My legacy of thoughts

Wednesday, January 28, 2004

I went to the bookshop to look for English assessement books after work. After seeing my student's essay yesterday, I really wanted to find out the standard of a essay of a Normal Technical student. Guess what I discovered? A standard N Level essay requires a word range of 250 to 400 words. I My best bet is that it's is about 2 pages worth of writing without leaving a line on an A4 piece of paper.

The essay handed in to me is terribly short. 2 paragraphs, each made up of 2 or 3 poorly-constructed and grammatically-erroneous sentences. At the bookshop just now, a book entitled "Model Composition" caught my eye. It was a book consisting model compositions meant for Primary 1 students. Guess the standard? At least 5 sentences. Coherent ones. Does that mean that my student's English standard is only comparable to that of a Primary 1 student's? 7 years fo difference in age and yet the standard is the almost equivalent? To think he actually calimed that he could score 60 marks for the work he handed to me. Fair enough, 60 out of a million perhaps.

I guessed the solution for him is to read more widely and attempt to write more. I attribute my competency in English to the time I spent writing than reading. It's true I read a fair bit during my younger days. Bookworm short stories, encylopedias, and Reader's Digest.

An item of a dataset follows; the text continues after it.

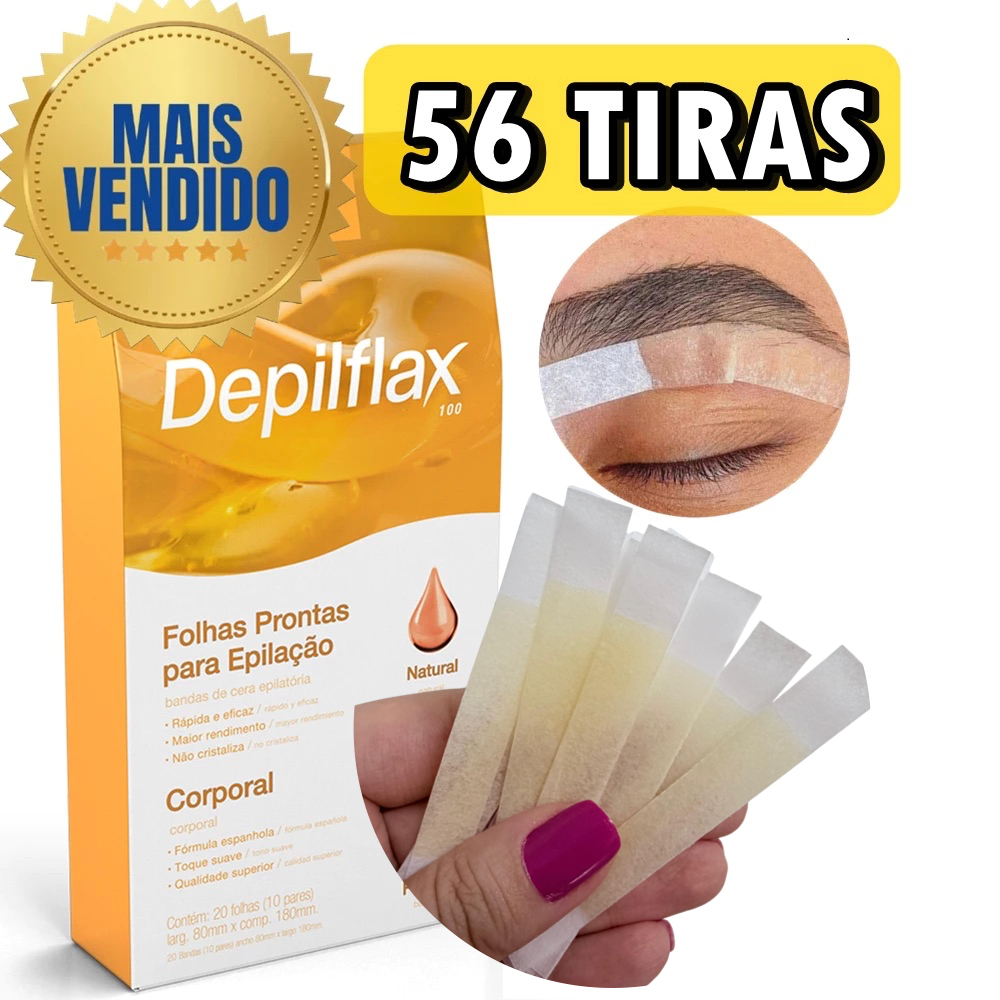 Kit 56 Tiras de Cera para Sobrancelhas e Buço Depilflax | Depilação Rápida e Precisa | Frete Grátis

However, it is only through my writing that I get the chance to use the new words that I picked up. My tuition teacher made it mandatory for me to hand in an essay to her for every lesson but was liberal with me regarding the topic I wrote about. As such, I wrote almost anything under the sun.

As I had no siblings, I had no one to talk to when I felt down. Writing became an avenue for me to vent my frustrations. More often than not, my essays will revolve around a maniac with a murderous intent to kill and multilate anything that stood in his way. Only in the essays can I seek revenge on those who crossed my path and be a vigilante of my own. I guess my imaginative traits played a big role in moulding the contents. Despite gory scenes of limbs strewn around the place, my tuition teacher did not condemn any of my writings. She always read them with an approving nod and only corrected the spelling/grammatical errors, not censor the content. Perhaps she knew I wasn't the one going around terrorizing others. Perhaps she liked my way of expressions. And because of her approval, I wrote without fear and the limits of my content were endless.

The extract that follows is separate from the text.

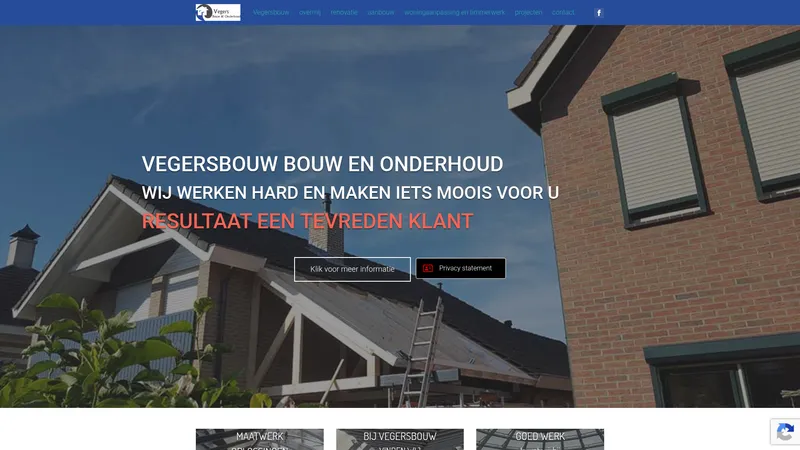 Website van Vegers Bouw & Onderhoud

As I grow up, I took a liking for fantasy stories and my characters would be battling mammoth-sized monsters which are armed with razor-sharp fangs. It's a real pain but I often choose one unlucky guy to die. Makes the story more emotional and dramatic, don't you think so? When we were taught to write argumentative essays, I was equally interested. I like to debate over issues with logic and reasoning but my flair for gathering facts is not as good as imagination. Facts are facts, either it's true or it's false. You cannot bend it to your will.

A change of subject now. I think I had one too many piece of BBQ pork as my throat is somewhat sore. Rats, I hate sore throats. I feel a little unwell too. Must be the weather. Rain and sun, cold and hot. Doesn't make the best combination for the immune system. Looks like I must rest more and work less. By the way, the EPH bookstore has wound up its operations in Heartland Mall. Sad. I'll miss those spacious aisles, wide collection of books and the few numbers of shopppers that make the place look a lot more bigger than it looks. Maybe it's precisely that lack of patronae that they decide to close down the outlet.